Overview
Confidential—the forerunner of People, the National Enquirer, and TMZ.com—established the foundations of our present-day obsession with sensational gossip and celebrity scandal
In the 1950s, Confidential magazine, America’s first celebrity scandal magazine, revealed Hollywood stars’ secrets, misdeeds, and transgressions in gritty, unvarnished detail. Deploying a vast network of tipsters to root out scandalous facts about the stars, including their sexual affairs, drug use, and sexuality, publisher Robert Harrison destroyed celebrities’ carefully constructed images and built a media empire. Confidential became the bestselling magazine on American newsstands, surpassing Time, Life, and the Saturday Evening Post. Confidential’s spectacular rise was followed by an equally spectacular fall.

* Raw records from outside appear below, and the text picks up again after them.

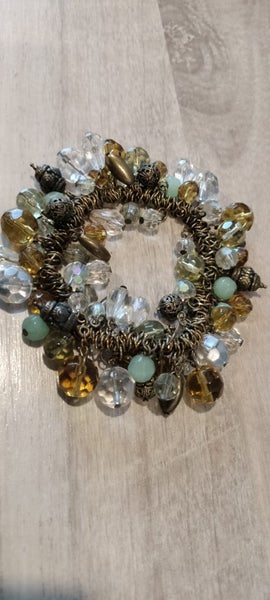 Adjustable Crystal Bracelet Carousel 5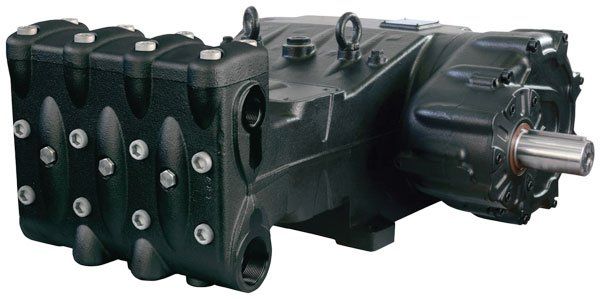Pratissoli MK2SHP Series Pump & 2200 Rpm Gearbox MK2S-50-GB22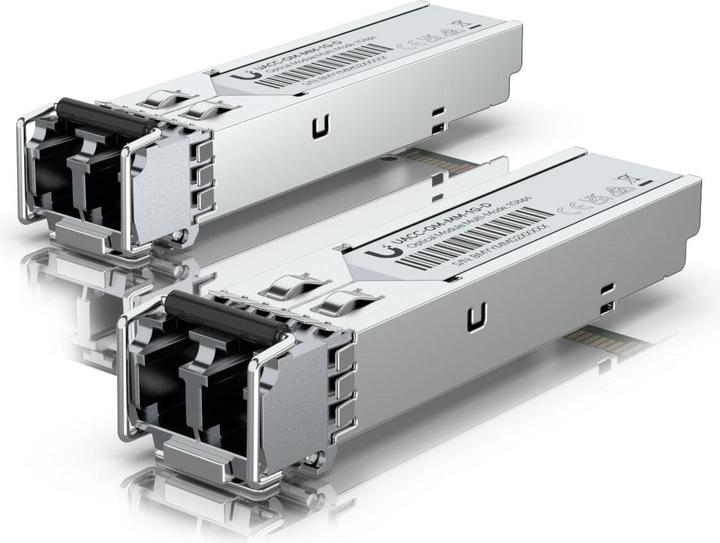 Produktbild Ubiquiti SFP transceiver that supports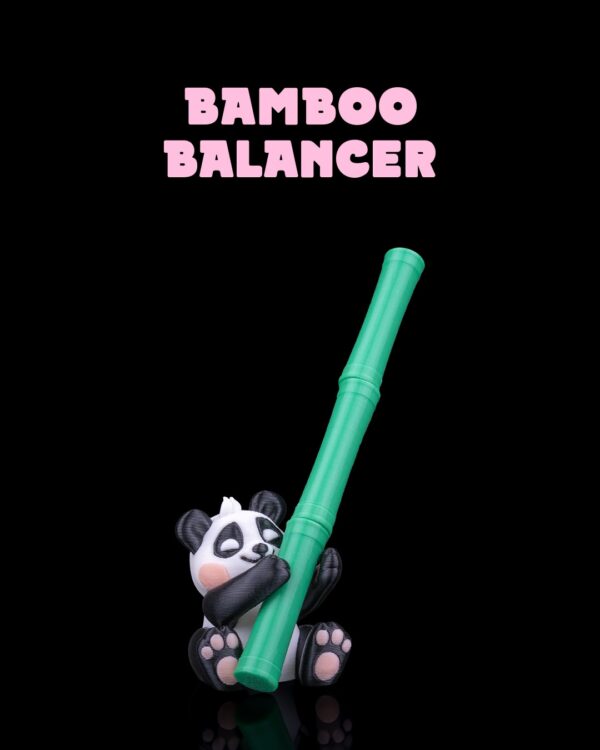 Bamboo balancer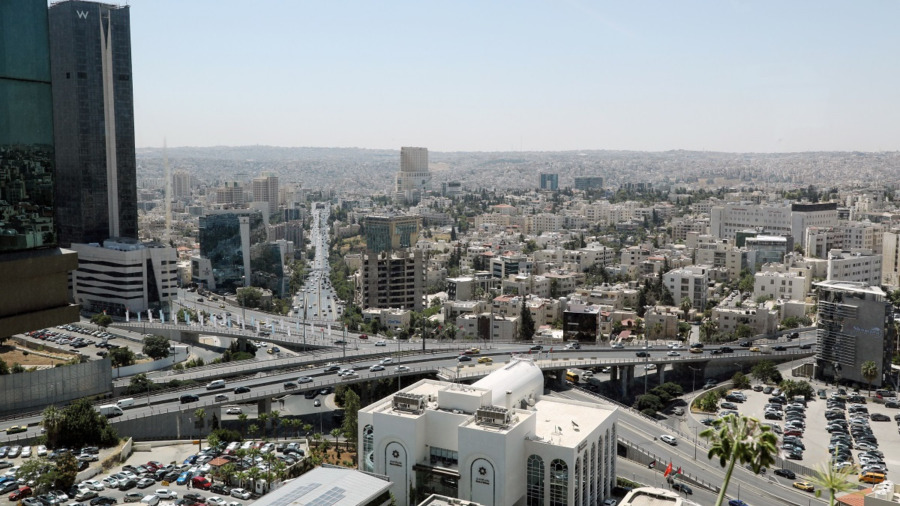 أجواء معتدلة الحرارة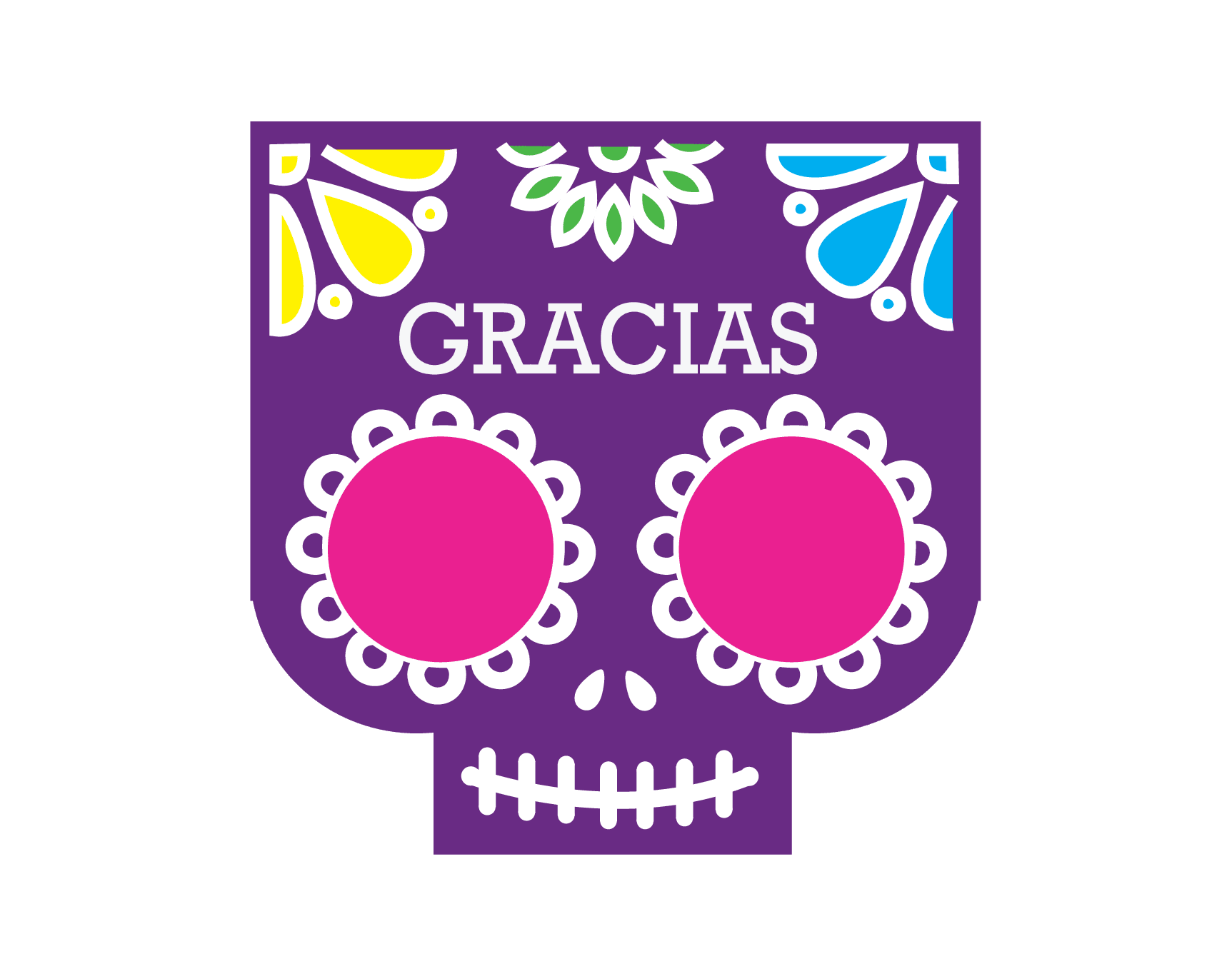 Purple Gracias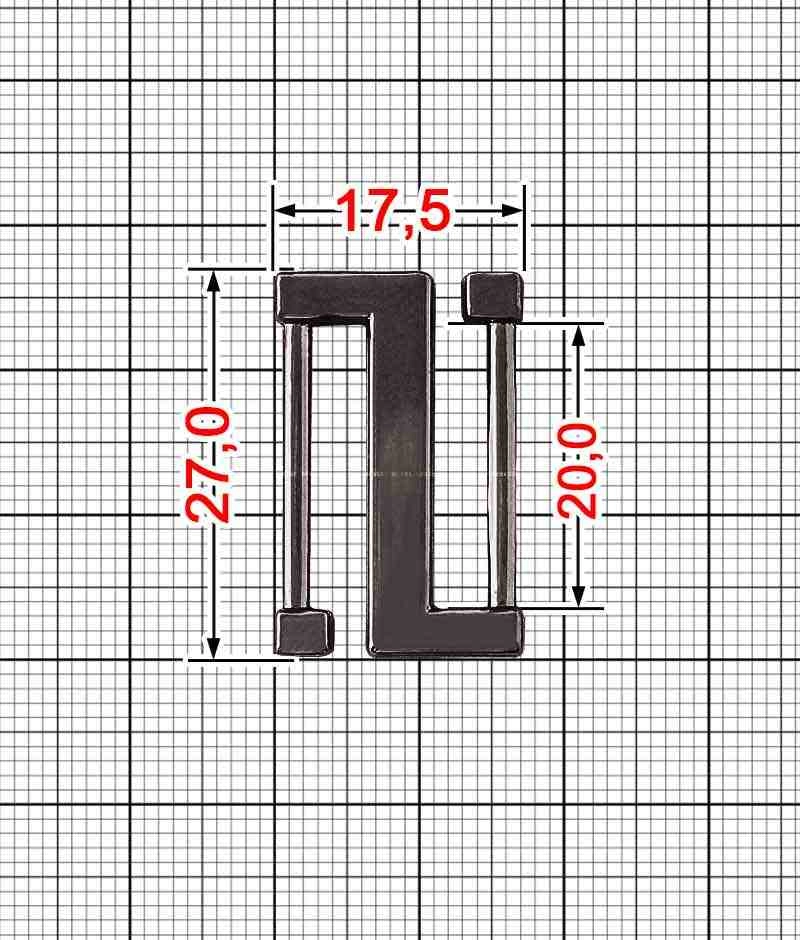 Dekoratif toka A.FM-2067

Stars filed multimillion dollar libel suits against the magazine, and the state of California, prodded by the film studios, prosecuted its publisher for obscenity, culminating in a famous, star-studded Los Angeles trial in 1957. The lawsuits forced Confidential to end its scandalmongering, and it stopped printing its sleazy gossip in 1958. However, the magazine’s legacy lives on in our culture’s obsession with gossip and celebrity scandal. Confidential’s success marked the end of an era of hush-hush—of secrets, closets, and sexual taboos—and the beginning of our age of tell-all exposure.
Reviews
“Before the National Enquirer and TMZ, Confidential fascinated readers with its claims to tell the ‘truth’ about the rich and famous. In her investigation of Confidential’s lurid allegations about 1950s celebrities, Samantha Barbas contributes a much-needed legal perspective to current understandings of the publication’s historical impact. Confidential Confidential is a richly detailed and lively examination of the notorious magazine’s rise and fall.” —MARY DESJARDINS, author of Recycled Stars: Female Film Stardom in the Age of Television and Video
"Popular culture enthusiasts and media studies students will appreciate how this well-documented tale resonates in today's climate of celebrity scandal and Orwellian politics." —Library Journal
“In Confidential Confidential, law professor Samantha Barbas recounts the inside story of the “little magazine that could” with drama, humor and verve… Ms. Barbas paces her terrific story well, and the book ends with her cogent analysis of Confidential’s larger significance.”—The Wall Street Journal
Author Biography
Samantha Barbas is a professional historian, law professor, and author of Movie Crazy, The First Lady of Hollywood, Laws of Image, and Newsworthy. She frequently offers commentary on issues related to celebrity gossip and freedom of the press to the New York Times, USA Today, the Wall Street Journal, the Washington Post, the Guardian, and the Associated Press.